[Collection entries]
____

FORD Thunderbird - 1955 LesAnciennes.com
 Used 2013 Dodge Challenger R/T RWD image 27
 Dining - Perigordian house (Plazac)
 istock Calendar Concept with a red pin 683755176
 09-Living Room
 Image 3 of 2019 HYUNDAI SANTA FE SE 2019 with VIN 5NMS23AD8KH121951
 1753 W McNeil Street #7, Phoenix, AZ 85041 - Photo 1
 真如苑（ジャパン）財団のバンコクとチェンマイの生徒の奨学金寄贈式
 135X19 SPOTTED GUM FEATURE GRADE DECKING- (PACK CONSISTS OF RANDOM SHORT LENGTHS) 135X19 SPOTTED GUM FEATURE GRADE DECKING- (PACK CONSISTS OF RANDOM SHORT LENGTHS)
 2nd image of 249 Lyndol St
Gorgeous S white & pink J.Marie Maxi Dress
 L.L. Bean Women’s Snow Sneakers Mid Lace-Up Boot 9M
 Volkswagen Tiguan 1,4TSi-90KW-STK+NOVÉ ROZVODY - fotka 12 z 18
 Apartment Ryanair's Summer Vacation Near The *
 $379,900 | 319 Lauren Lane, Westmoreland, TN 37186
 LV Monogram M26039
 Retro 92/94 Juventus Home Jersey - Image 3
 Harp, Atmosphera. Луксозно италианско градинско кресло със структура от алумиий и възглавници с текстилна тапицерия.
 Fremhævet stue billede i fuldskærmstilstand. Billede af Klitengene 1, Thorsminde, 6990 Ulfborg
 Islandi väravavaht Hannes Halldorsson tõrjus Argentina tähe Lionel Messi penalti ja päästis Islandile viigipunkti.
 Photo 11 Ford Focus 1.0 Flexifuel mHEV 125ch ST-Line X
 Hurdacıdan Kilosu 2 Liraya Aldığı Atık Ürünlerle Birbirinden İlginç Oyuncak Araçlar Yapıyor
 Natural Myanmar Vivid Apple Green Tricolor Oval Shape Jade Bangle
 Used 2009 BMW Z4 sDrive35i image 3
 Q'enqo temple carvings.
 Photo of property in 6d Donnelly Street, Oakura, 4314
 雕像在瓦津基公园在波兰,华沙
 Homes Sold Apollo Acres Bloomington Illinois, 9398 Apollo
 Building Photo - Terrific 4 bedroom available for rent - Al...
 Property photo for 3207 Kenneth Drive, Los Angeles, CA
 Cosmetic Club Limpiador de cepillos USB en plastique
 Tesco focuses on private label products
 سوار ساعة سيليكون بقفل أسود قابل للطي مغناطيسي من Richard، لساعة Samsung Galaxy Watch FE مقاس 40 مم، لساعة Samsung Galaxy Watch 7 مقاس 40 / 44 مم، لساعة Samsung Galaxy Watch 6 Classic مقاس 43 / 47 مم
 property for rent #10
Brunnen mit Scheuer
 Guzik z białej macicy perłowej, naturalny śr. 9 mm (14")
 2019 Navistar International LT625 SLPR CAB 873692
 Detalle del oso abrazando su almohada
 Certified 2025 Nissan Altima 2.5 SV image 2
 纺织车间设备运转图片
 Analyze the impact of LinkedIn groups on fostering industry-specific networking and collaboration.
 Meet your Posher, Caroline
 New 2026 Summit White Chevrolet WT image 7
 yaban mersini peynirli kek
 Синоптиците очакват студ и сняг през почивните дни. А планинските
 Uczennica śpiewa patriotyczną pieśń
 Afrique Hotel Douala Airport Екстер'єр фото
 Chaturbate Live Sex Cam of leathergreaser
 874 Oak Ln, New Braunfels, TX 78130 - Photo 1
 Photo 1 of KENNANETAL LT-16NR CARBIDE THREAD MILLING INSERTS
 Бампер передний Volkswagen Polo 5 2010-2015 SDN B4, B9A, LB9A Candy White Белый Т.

____

» WHAT YOU WILL DO: Lines before the one containing "Certified 2025 Nissan Altima 2.5 SV image 2" are to be left out; that line and every line after it through the end of the data should be copied exactly.

» YOUR RESPONSE:
 Certified 2025 Nissan Altima 2.5 SV image 2
 纺织车间设备运转图片
 Analyze the impact of LinkedIn groups on fostering industry-specific networking and collaboration.
 Meet your Posher, Caroline
 New 2026 Summit White Chevrolet WT image 7
 yaban mersini peynirli kek
 Синоптиците очакват студ и сняг през почивните дни. А планинските
 Uczennica śpiewa patriotyczną pieśń
 Afrique Hotel Douala Airport Екстер'єр фото
 Chaturbate Live Sex Cam of leathergreaser
 874 Oak Ln, New Braunfels, TX 78130 - Photo 1
 Photo 1 of KENNANETAL LT-16NR CARBIDE THREAD MILLING INSERTS
 Бампер передний Volkswagen Polo 5 2010-2015 SDN B4, B9A, LB9A Candy White Белый Т.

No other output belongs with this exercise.